この鉄パイプは形を変えることだってできるし、材質だって変えられる。
だってここは、夢の中だ。
「古泉さん、茜さん、恭介さん、コウタ君ソウタ君。朝だよ」
鉄パイプが熱を持ってどろり、と溶ける。
俺の手の上で溶けた鉄はボールぐらいの大きさに丸くなり、しかし、熱の色はますます強くなっていく。
溶けた鉄は赤から、白へ。
眩く輝くようになったそれを、そっと宙に浮かべれば、それは太陽となって輝く。
……俺が作り出した小さな太陽は、俺の思い通りの働きをしてくれる。
まず、暖かい光を浴びたシャボン玉が次々に割れていく。
皆シャボン玉から出てきて、そして、光を浴びて目覚めるのだ。
〈ば、馬鹿な、お前の異能は一体〉
戸惑うアイディオンが滑稽で、我ながら都合のいい夢だな、なんて思う。
少し発想がガキっぽ過ぎるだろうか。
いや、いいよね、夢なんだし。
……折角だから、という理由で、地面を蹴る。
それだけで俺の体は軽々と飛んで、アイディオンの眼前へ迫るのだ。
まるで身体能力補正特化のヒーローみたいに。
そして、一発。
古泉さんみたいに、拳をアイディオンに叩き込む。
……折角なら鉄パイプの方が良かったかな。
〈な、なぜ……強いヒーロー程、願望は強い、はず、だ……なぜ、取り込まれない……〉
俺の思い通り、綺麗に決まった右ストレートでアイディオンはよろめく。
もう一発、今度は茜さんみたいに踵落としを決めてやれば、今度こそアイディオンは動かなくなり、消えた。

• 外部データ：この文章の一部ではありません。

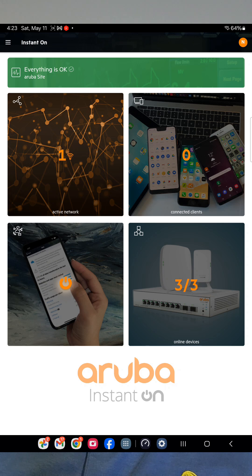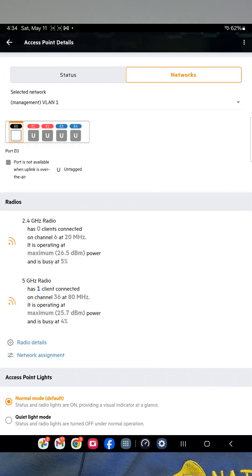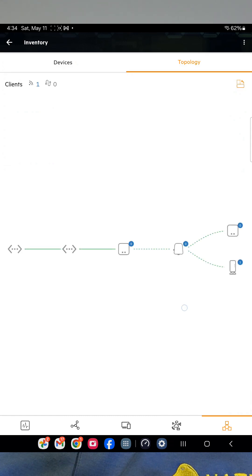They have an app that allows you to control all of these settings very easily as a small business owner. There is the ability to add guest networks for Wi-Fi, you can add login pages, and you can add VLANs to really add security to your business as well. There are tons of features catered towards a small business owner being able to manage this on their own in a very user-friendly app.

後に残っていたのは薄い青緑色をしたソウルクリスタルと、頭を振りながら起き上がる仲間たち。
皆、目覚めて起き上がってすぐ、その姿をかき消していった。
悪いことじゃなくて、単に帰っただけ、と、俺の中で結論付けられたから、別に不安にもならない。
「真君、やっぱりすごい」
最後に残った桜さんが、薄く笑って、やはり消えていく。
達成感と切なさが混ざったような気持ちで桜さんの指先に触れると、すぐにその指先も消えていった。
残ったソウルクリスタルを拾い上げると、俺も、急速に意識が遠のいていく。
不思議な世界が薄れて、消えていく。
多分、目が覚めるんだろう。
……奇天烈な夢だったけれど、何もかも思い通りになるのは悪くなかった。
たまには夢も悪くないよな、と思わされる夢だった。
「……君、真君」
急激に意識が覚醒した。
「あー!起きた!起きたよ叔父さん!」
そして早速、茜さんの大きな声が耳を貫いた。
「真君、大丈夫か?」
そして、ベッドの上の俺の上に、古泉さんの顔がのぞき、横からコウタ君とソウタ君も心配そうにのぞき込んでくる。
「……ええと」
「え、大丈夫?真クン大丈夫?記憶変になってたりしない?」
……そして、茜さんの言葉に、記憶を辿る。
……とは言っても、夢を見ていたという事しか……。
「フィールド系のアイディオンと戦ったんだが、覚えていないか」
……。
「俺もソウも一発でやられちまって、相殺もできなくて……真さんがなんかやって助けてくれた、ってのは分かったんだけど……」
ええと……これは、いったい。
「俺、夢、見てたんじゃ」
「うん、真クン、そんでまた寝てた。つっても、一晩だけど」
待て。何のことだ。どうなってるんだ。
「俺、寝ましたよね」
「そうだな。夜の間に襲撃された」
「変な空間にバラバラに飛ばされたっぽかったよね」
「それで、変な異能を使われて……夢でも見てるみたいで……僕たち、それに魅せられちゃって……」
……成程。
「夢だけど夢じゃなかったんですね?」
「ちょっと、真クン、やっぱ変になってない?大丈夫?」
ちょっと、しばらく……うん、ほっといてほしい……。